US 12,437,239 B2
	Methods and apparatus for management of a machine-learning model to adapt to changes in landscape of potentially malicious artifacts
Richard Harang, Alexandria, VA (US); and Felipe Ducau, Oxford (GB)
Assigned to Sophos Limited, Abingdon (GB)
Filed by Sophos Limited, Abingdon (GB)
Filed on Feb. 5, 2021, as Appl. No. 17/168,913.
Application 17/168,913 is a continuation of application No. PCT/GB2019/052222, filed on Aug. 7, 2019.
Claims priority of provisional application 62/715,762, filed on Aug. 7, 2018.
Prior Publication US 2021/0241175 A1, Aug. 5, 2021
Int. Cl. G06N 20/00 (2019.01); G06F 18/21 (2023.01); G06F 18/213 (2023.01); G06F 18/214 (2023.01); G06F 18/22 (2023.01); G06N 5/01 (2023.01); G06N 20/20 (2019.01)

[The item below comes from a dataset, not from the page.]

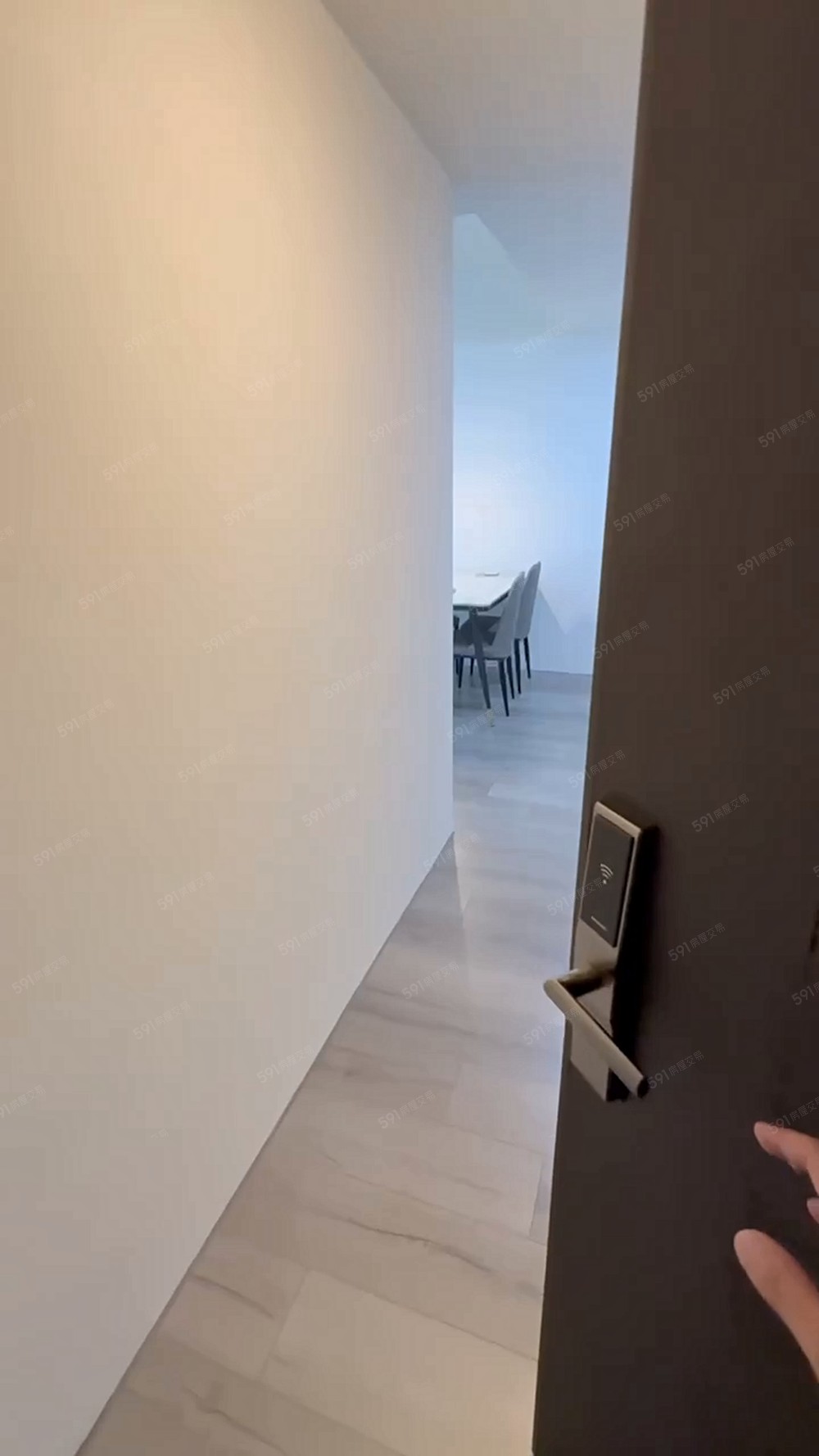 🔥大里✨漂亮兩房+平面車位✨系統櫃✨近興大✨傢俱家電全配 - Image 1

CPC G06N 20/20 (2019.01) [G06F 18/213 (2023.01); G06F 18/214 (2023.01); G06F 18/2178 (2023.01); G06F 18/22 (2023.01); G06N 5/01 (2023.01); G06N 20/00 (2019.01)]

14 Claims

1. An apparatus, comprising:

a memory; and

a processor operatively coupled to the memory, the processor configured to:

train, at a first time, a machine learning model to output (1) an identification of whether an artifact is malicious and (2) a confidence value associated with the identification of whether the artifact is malicious;

receive a set of artifacts during each time period from a set of time periods, each time period from the set of time periods being after the first time;

for each time period from the set of time periods, provide a feature vector representative of each artifact from the set of artifacts received during that time period to the machine learning model to obtain as an output of the machine learning model an indication of whether that artifact is malicious and a confidence value associated with the indication of whether that artifact is malicious based on a degree of similarity of the feature vector with a set of feature vectors representative of a set of training artifacts used to train the machine learning model at the first time;

calculate a confidence metric for each time period from the set of time periods based on the confidence value associated with a number of artifacts from the set of artifacts received during that time period meeting a confidence value threshold;

calculate a rate of change in confidence based on the confidence metric for at least two time periods from the set of time periods;

in response to the rate of change in confidence meeting a retraining criterion:

receive, over a network and at a second time after the first time, an updated set of training artifacts; and

retrain, based on the updated set of training artifacts, the machine learning model.